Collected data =
--

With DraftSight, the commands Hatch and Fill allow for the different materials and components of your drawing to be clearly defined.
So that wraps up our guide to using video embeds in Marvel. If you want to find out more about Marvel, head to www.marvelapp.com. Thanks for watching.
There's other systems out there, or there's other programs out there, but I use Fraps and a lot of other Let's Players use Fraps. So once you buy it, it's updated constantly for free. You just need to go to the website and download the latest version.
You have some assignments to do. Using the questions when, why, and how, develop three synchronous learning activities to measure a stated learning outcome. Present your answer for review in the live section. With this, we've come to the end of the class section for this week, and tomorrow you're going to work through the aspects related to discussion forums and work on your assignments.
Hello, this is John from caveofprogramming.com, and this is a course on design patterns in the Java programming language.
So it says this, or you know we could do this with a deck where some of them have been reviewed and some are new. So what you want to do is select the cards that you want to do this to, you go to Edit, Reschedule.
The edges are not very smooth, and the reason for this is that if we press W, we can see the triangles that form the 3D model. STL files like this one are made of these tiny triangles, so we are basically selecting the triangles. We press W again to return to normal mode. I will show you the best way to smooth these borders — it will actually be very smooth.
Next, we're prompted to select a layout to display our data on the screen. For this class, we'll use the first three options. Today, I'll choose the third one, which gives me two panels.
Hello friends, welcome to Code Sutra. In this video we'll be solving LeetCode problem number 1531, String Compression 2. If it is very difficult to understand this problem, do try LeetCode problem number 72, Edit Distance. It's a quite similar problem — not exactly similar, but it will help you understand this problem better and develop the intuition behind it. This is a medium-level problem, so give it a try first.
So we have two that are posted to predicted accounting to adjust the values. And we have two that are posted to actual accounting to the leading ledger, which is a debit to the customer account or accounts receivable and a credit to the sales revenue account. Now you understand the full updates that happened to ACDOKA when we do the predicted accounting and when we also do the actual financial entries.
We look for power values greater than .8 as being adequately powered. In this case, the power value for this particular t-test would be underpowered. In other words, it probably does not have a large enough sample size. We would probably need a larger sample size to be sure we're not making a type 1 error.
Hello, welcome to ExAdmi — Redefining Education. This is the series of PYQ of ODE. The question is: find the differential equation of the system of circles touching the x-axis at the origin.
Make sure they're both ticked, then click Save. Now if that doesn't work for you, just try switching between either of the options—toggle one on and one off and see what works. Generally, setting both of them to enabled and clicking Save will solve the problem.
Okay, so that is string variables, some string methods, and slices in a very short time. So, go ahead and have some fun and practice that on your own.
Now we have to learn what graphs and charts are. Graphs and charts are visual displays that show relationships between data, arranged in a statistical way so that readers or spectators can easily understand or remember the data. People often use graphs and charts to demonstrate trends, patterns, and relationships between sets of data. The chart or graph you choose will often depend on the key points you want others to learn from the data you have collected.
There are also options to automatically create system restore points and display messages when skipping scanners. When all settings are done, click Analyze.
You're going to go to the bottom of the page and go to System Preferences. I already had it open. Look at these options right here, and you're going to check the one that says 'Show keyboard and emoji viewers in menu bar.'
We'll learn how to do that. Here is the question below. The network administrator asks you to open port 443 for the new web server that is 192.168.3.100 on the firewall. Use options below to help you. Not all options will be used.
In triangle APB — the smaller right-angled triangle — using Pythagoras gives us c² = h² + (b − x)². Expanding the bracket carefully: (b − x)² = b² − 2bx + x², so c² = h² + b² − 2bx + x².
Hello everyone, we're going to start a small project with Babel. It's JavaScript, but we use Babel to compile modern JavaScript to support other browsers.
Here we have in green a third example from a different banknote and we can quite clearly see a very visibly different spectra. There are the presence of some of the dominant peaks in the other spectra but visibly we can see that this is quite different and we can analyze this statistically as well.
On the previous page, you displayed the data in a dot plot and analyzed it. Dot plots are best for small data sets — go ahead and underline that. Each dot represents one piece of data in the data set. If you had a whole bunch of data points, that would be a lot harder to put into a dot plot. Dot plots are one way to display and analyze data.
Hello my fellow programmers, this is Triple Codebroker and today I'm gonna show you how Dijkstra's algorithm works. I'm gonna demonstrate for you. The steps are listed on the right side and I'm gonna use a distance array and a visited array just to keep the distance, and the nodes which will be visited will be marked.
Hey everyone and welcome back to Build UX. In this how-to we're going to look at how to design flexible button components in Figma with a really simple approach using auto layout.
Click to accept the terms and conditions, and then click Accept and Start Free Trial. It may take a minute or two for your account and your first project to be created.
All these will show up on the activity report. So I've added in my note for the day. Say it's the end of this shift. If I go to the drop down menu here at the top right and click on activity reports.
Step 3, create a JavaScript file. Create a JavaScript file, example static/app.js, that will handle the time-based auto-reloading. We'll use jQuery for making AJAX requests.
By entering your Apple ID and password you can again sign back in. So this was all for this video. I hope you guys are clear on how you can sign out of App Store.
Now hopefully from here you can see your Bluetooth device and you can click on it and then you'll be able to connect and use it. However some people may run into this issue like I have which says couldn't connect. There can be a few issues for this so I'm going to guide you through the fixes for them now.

--

ABOUT THIS TASK = Out of the data above, give again only the lines starting at the one holding "So that wraps" and ending at the one holding "There's other systems", unchanged.

ANSWER SECTION =
So that wraps up our guide to using video embeds in Marvel. If you want to find out more about Marvel, head to www.marvelapp.com. Thanks for watching.
There's other systems out there, or there's other programs out there, but I use Fraps and a lot of other Let's Players use Fraps. So once you buy it, it's updated constantly for free. You just need to go to the website and download the latest version.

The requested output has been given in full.